| Action item |
Using the data that follows, return exactly the lines from the one that contains "Safe Tresor für" through the one that contains "FORD MUSTANG 2019 - 1FA6P8CF8K5168193", ends included.

| Provided information |
▶
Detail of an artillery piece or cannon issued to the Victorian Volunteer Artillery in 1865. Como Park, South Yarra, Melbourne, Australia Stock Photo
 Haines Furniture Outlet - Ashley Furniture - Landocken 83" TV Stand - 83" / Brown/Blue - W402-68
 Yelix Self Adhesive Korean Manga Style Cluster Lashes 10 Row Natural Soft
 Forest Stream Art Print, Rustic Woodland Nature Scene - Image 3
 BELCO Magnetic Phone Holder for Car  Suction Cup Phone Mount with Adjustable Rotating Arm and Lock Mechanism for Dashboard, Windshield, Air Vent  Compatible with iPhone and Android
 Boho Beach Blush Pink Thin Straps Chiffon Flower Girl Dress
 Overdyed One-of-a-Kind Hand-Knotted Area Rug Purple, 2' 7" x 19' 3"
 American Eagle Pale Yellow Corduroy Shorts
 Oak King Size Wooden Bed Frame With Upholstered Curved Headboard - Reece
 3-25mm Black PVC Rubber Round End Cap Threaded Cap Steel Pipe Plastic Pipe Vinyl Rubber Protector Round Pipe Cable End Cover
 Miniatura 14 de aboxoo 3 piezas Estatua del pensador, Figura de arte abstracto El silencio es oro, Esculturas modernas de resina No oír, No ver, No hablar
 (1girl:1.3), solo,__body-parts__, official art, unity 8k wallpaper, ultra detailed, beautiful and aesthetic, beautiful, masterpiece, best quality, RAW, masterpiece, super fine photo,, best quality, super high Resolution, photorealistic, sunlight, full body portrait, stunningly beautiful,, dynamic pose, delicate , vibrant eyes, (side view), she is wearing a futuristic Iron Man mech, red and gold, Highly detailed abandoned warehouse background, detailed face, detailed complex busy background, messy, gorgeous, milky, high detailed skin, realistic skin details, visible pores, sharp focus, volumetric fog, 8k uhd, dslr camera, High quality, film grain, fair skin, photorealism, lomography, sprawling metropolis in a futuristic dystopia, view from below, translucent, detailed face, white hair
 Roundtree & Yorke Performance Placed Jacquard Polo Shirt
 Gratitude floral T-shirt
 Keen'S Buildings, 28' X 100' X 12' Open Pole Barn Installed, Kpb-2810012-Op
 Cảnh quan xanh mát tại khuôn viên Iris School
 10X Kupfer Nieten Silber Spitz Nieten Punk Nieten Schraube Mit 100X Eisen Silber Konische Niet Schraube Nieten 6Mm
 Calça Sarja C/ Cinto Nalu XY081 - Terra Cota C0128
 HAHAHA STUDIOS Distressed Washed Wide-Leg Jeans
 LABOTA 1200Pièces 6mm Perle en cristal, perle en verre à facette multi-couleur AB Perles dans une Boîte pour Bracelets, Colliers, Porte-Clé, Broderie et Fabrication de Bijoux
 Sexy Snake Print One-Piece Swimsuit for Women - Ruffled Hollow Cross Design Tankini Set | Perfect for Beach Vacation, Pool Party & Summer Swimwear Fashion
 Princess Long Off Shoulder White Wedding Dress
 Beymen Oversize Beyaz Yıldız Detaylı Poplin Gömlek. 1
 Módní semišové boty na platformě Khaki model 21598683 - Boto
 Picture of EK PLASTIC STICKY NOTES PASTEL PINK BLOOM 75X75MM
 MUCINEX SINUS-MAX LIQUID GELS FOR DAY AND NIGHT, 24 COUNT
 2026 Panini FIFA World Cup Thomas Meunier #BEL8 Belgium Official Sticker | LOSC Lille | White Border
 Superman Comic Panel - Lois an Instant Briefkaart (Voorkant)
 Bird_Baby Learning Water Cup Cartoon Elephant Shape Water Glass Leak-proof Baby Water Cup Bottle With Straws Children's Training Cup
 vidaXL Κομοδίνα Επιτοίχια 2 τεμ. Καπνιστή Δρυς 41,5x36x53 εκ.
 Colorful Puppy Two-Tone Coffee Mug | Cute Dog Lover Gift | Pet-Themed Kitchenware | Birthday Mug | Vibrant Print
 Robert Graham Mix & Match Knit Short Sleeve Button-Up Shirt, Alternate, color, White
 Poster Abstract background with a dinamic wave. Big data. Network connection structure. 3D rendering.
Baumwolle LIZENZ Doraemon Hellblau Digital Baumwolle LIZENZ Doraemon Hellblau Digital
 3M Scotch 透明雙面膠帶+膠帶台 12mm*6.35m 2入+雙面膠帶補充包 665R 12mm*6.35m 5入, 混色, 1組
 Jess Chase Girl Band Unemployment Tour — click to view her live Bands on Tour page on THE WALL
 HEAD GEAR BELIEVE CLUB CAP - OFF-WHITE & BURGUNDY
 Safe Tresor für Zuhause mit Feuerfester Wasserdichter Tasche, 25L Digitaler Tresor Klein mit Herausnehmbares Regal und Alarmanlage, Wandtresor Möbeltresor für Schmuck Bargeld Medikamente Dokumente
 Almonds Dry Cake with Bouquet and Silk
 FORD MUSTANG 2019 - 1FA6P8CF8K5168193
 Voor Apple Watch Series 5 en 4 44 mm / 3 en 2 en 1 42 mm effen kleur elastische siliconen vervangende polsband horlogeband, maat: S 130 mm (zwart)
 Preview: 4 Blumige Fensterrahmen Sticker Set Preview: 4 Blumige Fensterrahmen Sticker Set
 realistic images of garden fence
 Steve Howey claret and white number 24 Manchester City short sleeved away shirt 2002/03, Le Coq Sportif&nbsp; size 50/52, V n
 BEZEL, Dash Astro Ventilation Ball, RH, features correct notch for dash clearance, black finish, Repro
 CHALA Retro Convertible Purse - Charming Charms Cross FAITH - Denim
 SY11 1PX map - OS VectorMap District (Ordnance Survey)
◀
| Answer for this exercise |
 Safe Tresor für Zuhause mit Feuerfester Wasserdichter Tasche, 25L Digitaler Tresor Klein mit Herausnehmbares Regal und Alarmanlage, Wandtresor Möbeltresor für Schmuck Bargeld Medikamente Dokumente
 Almonds Dry Cake with Bouquet and Silk
 FORD MUSTANG 2019 - 1FA6P8CF8K5168193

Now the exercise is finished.